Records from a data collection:
· · · · · · ·
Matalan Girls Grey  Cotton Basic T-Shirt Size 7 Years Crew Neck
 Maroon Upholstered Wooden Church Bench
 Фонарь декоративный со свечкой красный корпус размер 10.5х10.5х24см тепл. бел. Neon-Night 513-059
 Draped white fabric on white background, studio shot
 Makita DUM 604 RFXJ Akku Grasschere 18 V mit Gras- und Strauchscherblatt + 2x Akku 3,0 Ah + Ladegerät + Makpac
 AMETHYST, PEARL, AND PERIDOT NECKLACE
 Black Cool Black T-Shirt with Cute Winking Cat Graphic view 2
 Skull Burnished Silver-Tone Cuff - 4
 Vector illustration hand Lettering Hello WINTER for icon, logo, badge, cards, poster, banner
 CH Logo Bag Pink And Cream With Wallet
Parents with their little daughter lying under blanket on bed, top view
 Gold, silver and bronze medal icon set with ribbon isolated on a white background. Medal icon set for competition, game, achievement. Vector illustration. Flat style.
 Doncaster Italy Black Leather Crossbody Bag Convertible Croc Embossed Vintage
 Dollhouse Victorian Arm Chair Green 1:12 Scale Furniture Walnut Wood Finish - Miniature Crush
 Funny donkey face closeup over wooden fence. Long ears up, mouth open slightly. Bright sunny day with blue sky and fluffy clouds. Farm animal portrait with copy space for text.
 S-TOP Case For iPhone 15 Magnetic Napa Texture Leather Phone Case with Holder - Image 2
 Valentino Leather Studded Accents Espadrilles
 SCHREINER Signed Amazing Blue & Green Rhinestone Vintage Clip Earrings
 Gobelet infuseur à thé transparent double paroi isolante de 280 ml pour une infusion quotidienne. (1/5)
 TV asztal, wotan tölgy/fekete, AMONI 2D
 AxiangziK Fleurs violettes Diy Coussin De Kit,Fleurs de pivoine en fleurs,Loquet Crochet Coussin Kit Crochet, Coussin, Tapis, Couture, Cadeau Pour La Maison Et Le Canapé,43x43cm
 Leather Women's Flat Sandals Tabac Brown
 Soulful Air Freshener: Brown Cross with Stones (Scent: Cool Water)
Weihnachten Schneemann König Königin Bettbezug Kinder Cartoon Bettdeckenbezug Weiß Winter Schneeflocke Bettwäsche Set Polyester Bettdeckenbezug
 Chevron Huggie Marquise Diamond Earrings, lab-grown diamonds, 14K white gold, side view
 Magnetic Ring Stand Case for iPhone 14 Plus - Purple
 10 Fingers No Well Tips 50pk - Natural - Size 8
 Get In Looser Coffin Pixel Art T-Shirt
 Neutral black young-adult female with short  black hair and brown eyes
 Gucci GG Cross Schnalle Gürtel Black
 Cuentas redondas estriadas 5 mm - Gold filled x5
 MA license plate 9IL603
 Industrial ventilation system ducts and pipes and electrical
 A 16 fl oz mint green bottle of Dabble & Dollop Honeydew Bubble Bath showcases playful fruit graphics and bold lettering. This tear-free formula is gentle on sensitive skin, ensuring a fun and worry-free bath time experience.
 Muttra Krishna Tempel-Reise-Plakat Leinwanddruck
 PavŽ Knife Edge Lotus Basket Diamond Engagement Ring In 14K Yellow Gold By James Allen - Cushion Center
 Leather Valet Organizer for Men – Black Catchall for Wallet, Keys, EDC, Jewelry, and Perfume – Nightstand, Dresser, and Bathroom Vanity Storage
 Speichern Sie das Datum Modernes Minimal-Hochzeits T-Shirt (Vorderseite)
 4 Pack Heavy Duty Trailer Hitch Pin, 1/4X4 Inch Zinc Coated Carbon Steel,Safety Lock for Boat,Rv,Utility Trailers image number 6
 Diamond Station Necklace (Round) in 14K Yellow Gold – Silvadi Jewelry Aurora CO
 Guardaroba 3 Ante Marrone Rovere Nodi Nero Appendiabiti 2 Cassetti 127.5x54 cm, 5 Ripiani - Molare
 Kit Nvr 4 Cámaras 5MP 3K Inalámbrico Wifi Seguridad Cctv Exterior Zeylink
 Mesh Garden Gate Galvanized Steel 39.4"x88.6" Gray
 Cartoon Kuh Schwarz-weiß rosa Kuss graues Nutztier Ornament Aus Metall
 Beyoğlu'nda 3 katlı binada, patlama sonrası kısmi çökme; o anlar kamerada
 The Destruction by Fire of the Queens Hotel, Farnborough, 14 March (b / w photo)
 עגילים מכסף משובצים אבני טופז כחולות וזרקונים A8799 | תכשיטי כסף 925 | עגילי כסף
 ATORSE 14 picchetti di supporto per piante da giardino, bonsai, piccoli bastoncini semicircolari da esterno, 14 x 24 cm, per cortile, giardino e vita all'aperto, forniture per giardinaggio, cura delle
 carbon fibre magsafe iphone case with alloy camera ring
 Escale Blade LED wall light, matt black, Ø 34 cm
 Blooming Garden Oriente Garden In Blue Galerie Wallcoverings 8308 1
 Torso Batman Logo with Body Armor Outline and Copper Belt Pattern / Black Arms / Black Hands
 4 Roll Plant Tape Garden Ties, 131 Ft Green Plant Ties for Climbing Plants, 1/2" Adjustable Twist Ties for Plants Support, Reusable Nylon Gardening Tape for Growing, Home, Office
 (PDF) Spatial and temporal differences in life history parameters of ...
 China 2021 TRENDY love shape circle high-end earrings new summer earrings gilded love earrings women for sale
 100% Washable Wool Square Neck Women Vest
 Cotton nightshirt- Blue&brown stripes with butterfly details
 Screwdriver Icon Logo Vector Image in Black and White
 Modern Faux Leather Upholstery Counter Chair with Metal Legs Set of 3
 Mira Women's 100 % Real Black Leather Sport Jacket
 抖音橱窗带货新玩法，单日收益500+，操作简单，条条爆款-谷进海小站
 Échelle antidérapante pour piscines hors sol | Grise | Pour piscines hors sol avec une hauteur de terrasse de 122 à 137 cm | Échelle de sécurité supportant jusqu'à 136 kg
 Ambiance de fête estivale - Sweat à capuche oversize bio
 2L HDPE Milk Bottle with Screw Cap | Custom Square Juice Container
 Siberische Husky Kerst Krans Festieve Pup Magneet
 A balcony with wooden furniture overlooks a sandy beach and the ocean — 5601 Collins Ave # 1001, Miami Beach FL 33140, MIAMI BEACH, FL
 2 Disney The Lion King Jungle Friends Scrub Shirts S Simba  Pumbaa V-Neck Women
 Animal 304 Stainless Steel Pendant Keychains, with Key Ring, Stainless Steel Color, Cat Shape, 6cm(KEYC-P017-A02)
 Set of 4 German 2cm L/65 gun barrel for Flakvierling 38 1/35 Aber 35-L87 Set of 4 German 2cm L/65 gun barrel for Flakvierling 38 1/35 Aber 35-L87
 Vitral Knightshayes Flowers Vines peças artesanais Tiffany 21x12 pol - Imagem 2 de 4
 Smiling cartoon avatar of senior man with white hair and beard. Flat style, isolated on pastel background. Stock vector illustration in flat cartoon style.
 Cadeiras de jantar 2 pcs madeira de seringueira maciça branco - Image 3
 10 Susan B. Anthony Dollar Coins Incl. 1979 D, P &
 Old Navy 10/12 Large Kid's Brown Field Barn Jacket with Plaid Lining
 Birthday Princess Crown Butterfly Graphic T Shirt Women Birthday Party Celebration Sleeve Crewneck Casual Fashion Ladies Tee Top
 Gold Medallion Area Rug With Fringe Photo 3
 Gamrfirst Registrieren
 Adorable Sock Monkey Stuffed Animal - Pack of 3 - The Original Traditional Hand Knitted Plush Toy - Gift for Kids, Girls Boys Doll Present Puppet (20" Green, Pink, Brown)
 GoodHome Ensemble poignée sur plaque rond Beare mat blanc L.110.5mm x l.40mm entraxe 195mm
· · · · · · ·
» **What to do**: Among the records above, repeat exactly the line with "Gucci GG Cross Schnalle Gürtel Black", the line with "Industrial ventilation system", and every line in between, and only those.

» **Solution to this task**:
 Gucci GG Cross Schnalle Gürtel Black
 Cuentas redondas estriadas 5 mm - Gold filled x5
 MA license plate 9IL603
 Industrial ventilation system ducts and pipes and electrical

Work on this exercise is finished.